Recorded information Start Marker
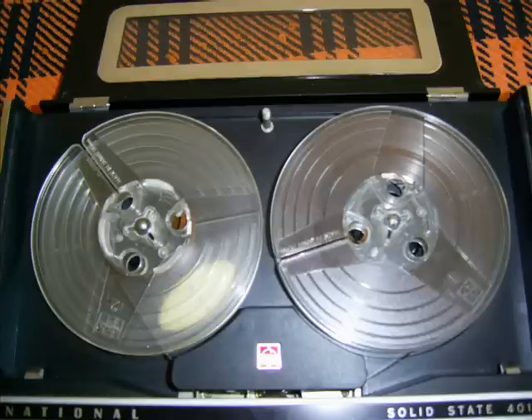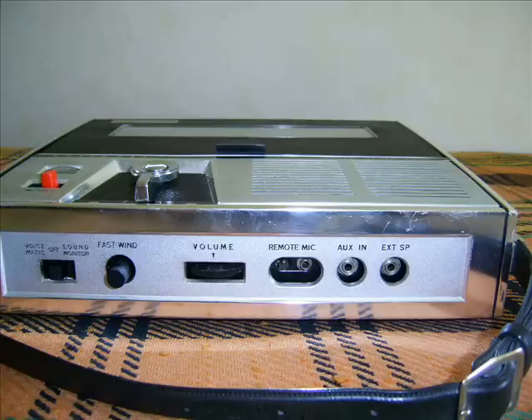Ladies and gentlemen, here's the latest achievement of national technology — a portable tape recorder, RQ401S. The National engineers have made every effort to make this recorder the easiest to operate machine of its kind.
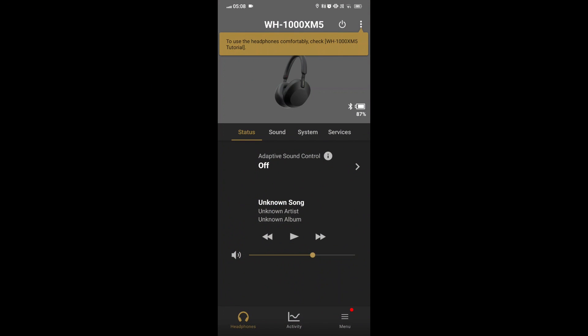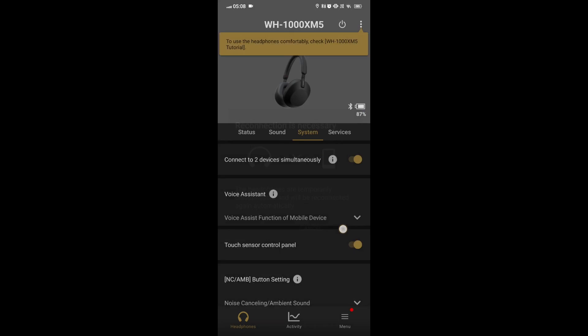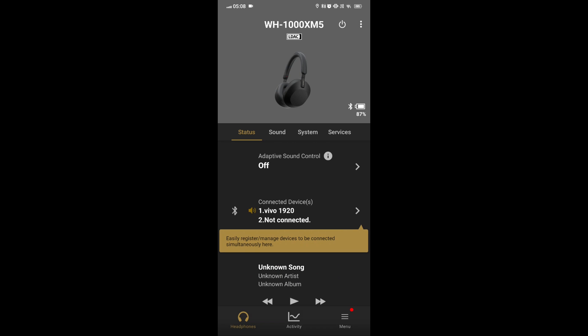To connect Sony WH-1000XM5 headphones, we will connect the headphones to the phone via Bluetooth and open the Sony Headphones Connect app on the phone. Go to the System tab, look for the option 'Connect to two devices simultaneously,' and tap on it to enable the multipoint connection.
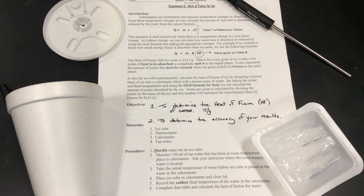Then we're going to determine the accuracy of our results, because we already know what the answer is. The theoretical value has been determined by someone doing this a thousand times, so we're going to have some error. It's a very simple lab, but let's talk about the process before we get to it.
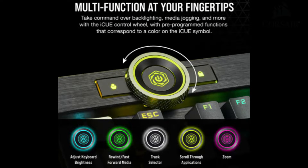Corsair also introduced the IQ control wheel. This might be helpful in productivity work. Who knows, someone will find a way to make use of this. But for now, it seems like people don't really think much of it — it's just a new feature.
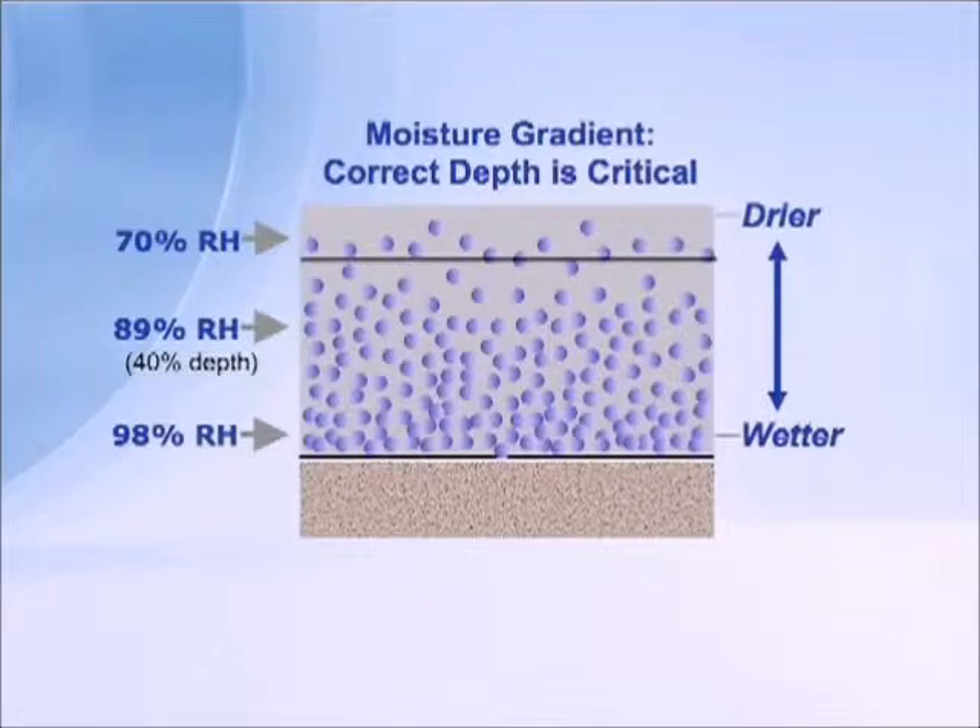Here we see an open slab with a typical moisture gradient — drier at the top, increasingly wetter as we go down. We're depicting the equivalent depth at an RH of 89%. This is a slab drying from one side, so we measure at 40% of depth and we see 89%. But once the floor covering or coating is placed on top, the moisture within the slab is going to equalize throughout the full thickness.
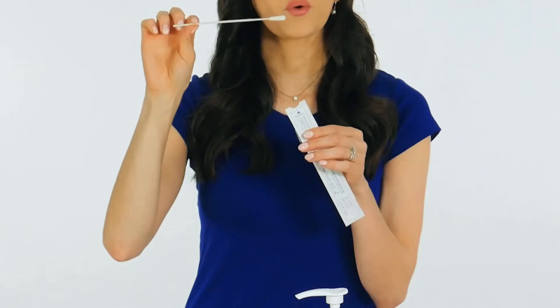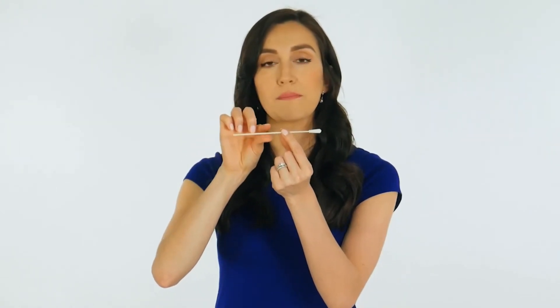Do not touch the soft tip or lay the swab down. If the soft tip is touched, the swab is laid down, or the swab is dropped, request a new swab specimen collection kit. Hold the swab by placing your thumb and or finger in the middle of the swab shaft. Do not hold the swab shaft below the score line.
Recorded information End Marker
◆ **What this task involves**
Among the lines above, the one with "To connect Sony" opens the part to repeat and the one with "Then we're going" closes it; repeat only that part exactly, with no pictures.

◆ **Written solution**
To connect Sony WH-1000XM5 headphones, we will connect the headphones to the phone via Bluetooth and open the Sony Headphones Connect app on the phone. Go to the System tab, look for the option 'Connect to two devices simultaneously,' and tap on it to enable the multipoint connection.
Then we're going to determine the accuracy of our results, because we already know what the answer is. The theoretical value has been determined by someone doing this a thousand times, so we're going to have some error. It's a very simple lab, but let's talk about the process before we get to it.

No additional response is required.